What is expected> All that is wanted is a word-for-word copy of the data from its first line to the line containing "Bing wallpaper March", both included.

Web page caption snippets
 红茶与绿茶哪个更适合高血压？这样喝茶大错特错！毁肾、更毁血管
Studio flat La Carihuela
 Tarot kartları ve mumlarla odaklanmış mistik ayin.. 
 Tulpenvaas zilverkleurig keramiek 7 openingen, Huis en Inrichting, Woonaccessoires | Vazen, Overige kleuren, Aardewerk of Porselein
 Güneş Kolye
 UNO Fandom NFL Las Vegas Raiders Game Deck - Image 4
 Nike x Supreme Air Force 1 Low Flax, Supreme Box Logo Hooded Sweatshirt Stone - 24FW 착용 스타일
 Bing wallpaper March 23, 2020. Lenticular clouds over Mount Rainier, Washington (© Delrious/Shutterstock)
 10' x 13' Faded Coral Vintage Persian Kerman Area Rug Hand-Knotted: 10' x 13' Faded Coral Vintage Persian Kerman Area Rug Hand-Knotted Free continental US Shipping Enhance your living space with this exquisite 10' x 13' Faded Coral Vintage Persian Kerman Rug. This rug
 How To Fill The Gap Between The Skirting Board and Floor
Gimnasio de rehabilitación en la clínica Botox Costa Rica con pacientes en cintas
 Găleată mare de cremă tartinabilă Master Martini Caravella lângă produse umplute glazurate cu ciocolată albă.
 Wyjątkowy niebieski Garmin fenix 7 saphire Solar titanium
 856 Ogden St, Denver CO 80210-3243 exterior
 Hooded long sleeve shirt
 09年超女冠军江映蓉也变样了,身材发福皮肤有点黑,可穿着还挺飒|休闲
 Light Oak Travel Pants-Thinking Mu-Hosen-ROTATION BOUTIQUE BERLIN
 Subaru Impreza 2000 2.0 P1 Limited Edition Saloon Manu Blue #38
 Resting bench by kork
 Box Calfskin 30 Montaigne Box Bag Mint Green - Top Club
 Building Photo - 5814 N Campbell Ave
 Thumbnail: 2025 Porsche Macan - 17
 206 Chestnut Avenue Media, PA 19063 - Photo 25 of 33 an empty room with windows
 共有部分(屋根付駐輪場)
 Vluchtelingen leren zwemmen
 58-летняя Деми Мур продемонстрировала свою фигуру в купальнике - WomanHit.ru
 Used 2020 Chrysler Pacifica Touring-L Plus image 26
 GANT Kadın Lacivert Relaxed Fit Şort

Reply>
 红茶与绿茶哪个更适合高血压？这样喝茶大错特错！毁肾、更毁血管
Studio flat La Carihuela
 Tarot kartları ve mumlarla odaklanmış mistik ayin.. 
 Tulpenvaas zilverkleurig keramiek 7 openingen, Huis en Inrichting, Woonaccessoires | Vazen, Overige kleuren, Aardewerk of Porselein
 Güneş Kolye
 UNO Fandom NFL Las Vegas Raiders Game Deck - Image 4
 Nike x Supreme Air Force 1 Low Flax, Supreme Box Logo Hooded Sweatshirt Stone - 24FW 착용 스타일
 Bing wallpaper March 23, 2020. Lenticular clouds over Mount Rainier, Washington (© Delrious/Shutterstock)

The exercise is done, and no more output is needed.